February 16, 1848, Rutland, Vermont

Three Years Ago

A man tossed a penny at Silas’s feet.

A filthy quarryman tossed a penny at Silas’s feet.

Silas hissed through his teeth. Scrabbled at the brick wall behind him, breaking his short nails. The wall was for ... He couldn’t remember. He’d sat at so many corners, lurked in so many alleyways, he couldn’t keep them straight. Sometimes he didn’t choose them; the other did.

Silas refused to name him. Refused to give him power. Power was his . No one would have power over him again. No one.

Carnal need flared in his brain. Silas launched for the penny and pocketed it. Food. He needed food. He could steal food easily; his kinetic ability allowed him to do so from a distance. But it was hard to focus, with the other always breathing in his lungs, thinking in his thoughts, thwarting his goals. Sometimes Silas was still seen, or the magic witnessed. He’d been chased out by watchmen more than once. Torn down sketches of the other’s face posted in towns he dared not return to. Constantly moving, constantly hiding, constantly muffling his pleas for help.

Trying to rub warmth into his knuckles, Silas planned. He had to get to Europe. It was the only way. But he had no money. No papers. People had begun to look at him with pity or disgust, sometimes both. This body was beginning to waste. And his mind—

His mind was fine. He needed to move closer to the coast. He could make it. He would get home, get help, and then return and make those infernal people pay for what they’d done to him.

Silas turned the penny over in his hand. Over and over, rubbing its smooth edges, tracing its imprints. He needed that water spell. One water spell, and everything would be as it had been. No one would touch him. No one would chase him, revile him, pity him.

Silas moaned, earning a disapproving look from a woman who immediately crossed the street to distance herself. He leaned heavily on the brick wall behind him, sipping cold winter air.

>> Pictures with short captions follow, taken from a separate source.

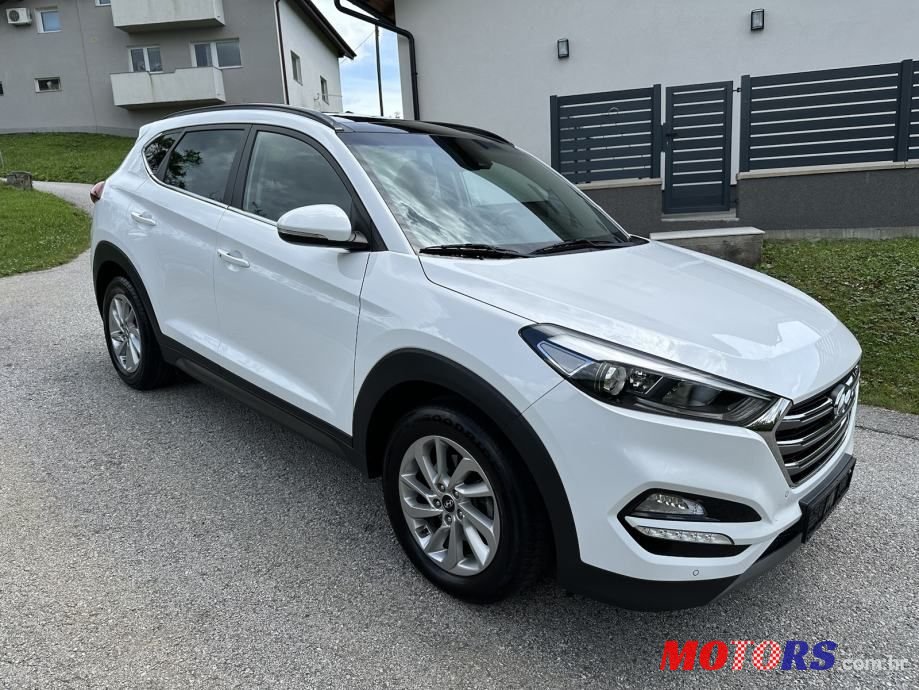 2015' Hyundai Tucson 1.7Crdi photo #2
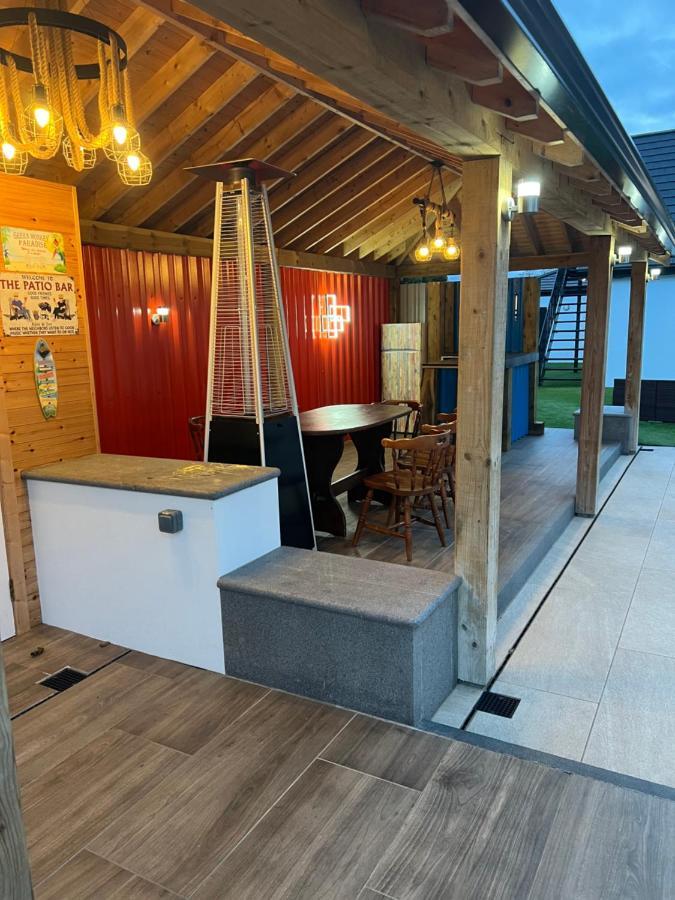 Green Monkey Lodge British Exterior photo
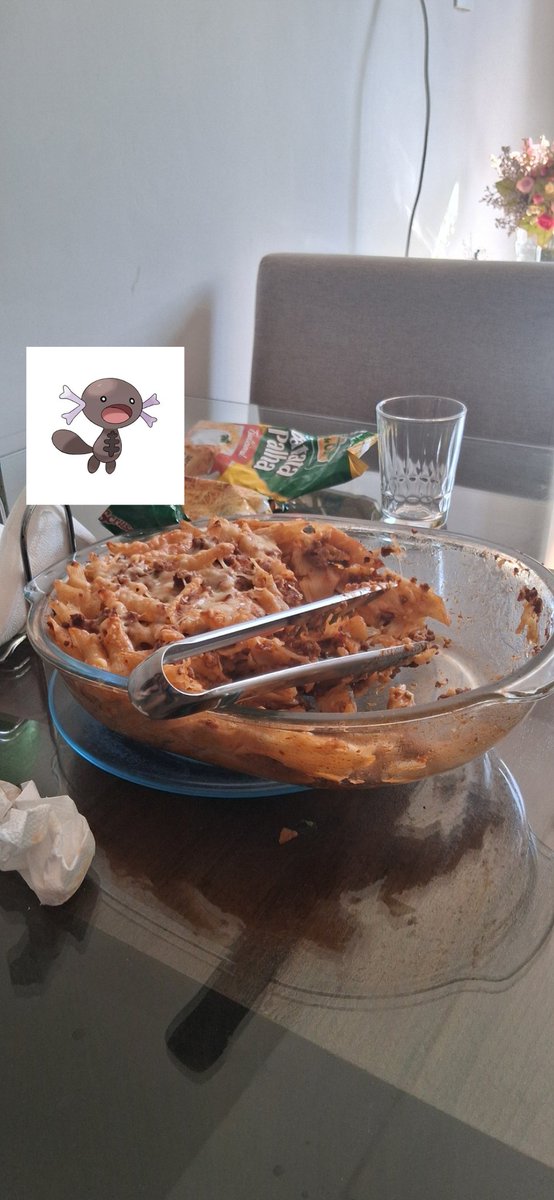 AcervoPalWooper's tweet photo. #pokealmoçotwt estou comendo isso dnv https://t.co/hwSLZARpec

Slowly, Silas lowered himself to the packed dirt, rolling back and forth, listening to the creaking of wagon wheels and clopping horses—

Darkness.

Then, light.

He no longer sat at the street corner. No, now he sat on a wooden bench against a stone wall. Two scowling men, four stone walls, one narrow window, one heavy locked door.

He was in a prison.

No, no ! He hadn’t lost control to the other in weeks! He had dominated him! He had won! But no longer. He felt him squirming, clawing, calling. What had the fool done to get them in here?

The fullness suffocated him as he tried to regain his hold on the body. Limbs trembled. He held his breath for nearly a minute before putting his head between his knees and vomiting.

A groan from another prisoner as he moved away. A second spat, “This half-shot loon just fouled up our room. Hey! Someone get in here and clean this up!”

Ignoring them, Silas pressed both hands into his chest and ignited his healing spell, which made him feel a little stronger, but only increased the nausea in his gut. He stood, chunks of vomit rolling off his torn trousers.

“Ugh,” the second prisoner said. “Come near me and I’ll knock you into the wall.”

Silas glowered. “Enough out of you.”

And he kinetically shoved the man into the brick wall, cracking his skull like an egg. The other prisoner gaped wordlessly and backed away until the stone corner prevented him from retreating any farther.

Limping, stiff-legged, to the barred door, Silas wrapped both hands around its lock and compressed it until it shattered. The chaocracy spell poured confusion into his mind. Dangerous, that. It gave the other an upper hand. Even now, he fought for control.

Silas shoved him down, down, down. Beat him with iron fists and spat on the pulp.

He pushed the door open. Hobbled into the hallway.

He only had to kill two more people to escape.